*Activity*:
Your answer must be an exact transcription of every entry.
START Records shown
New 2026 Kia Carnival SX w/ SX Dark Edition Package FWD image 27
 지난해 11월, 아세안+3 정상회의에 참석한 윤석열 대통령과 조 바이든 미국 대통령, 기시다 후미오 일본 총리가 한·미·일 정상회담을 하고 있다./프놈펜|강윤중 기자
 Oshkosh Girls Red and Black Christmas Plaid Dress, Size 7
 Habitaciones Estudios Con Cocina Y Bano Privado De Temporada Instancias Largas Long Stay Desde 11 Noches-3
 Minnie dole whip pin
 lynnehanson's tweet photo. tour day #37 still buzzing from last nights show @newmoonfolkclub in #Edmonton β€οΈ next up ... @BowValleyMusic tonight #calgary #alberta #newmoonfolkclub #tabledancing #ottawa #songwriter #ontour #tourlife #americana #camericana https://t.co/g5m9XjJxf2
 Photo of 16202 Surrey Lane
END Records shown
*Written response*:
New 2026 Kia Carnival SX w/ SX Dark Edition Package FWD image 27
 지난해 11월, 아세안+3 정상회의에 참석한 윤석열 대통령과 조 바이든 미국 대통령, 기시다 후미오 일본 총리가 한·미·일 정상회담을 하고 있다./프놈펜|강윤중 기자
 Oshkosh Girls Red and Black Christmas Plaid Dress, Size 7
 Habitaciones Estudios Con Cocina Y Bano Privado De Temporada Instancias Largas Long Stay Desde 11 Noches-3
 Minnie dole whip pin
 lynnehanson's tweet photo. tour day #37 still buzzing from last nights show @newmoonfolkclub in #Edmonton β€οΈ next up ... @BowValleyMusic tonight #calgary #alberta #newmoonfolkclub #tabledancing #ottawa #songwriter #ontour #tourlife #americana #camericana https://t.co/g5m9XjJxf2
 Photo of 16202 Surrey Lane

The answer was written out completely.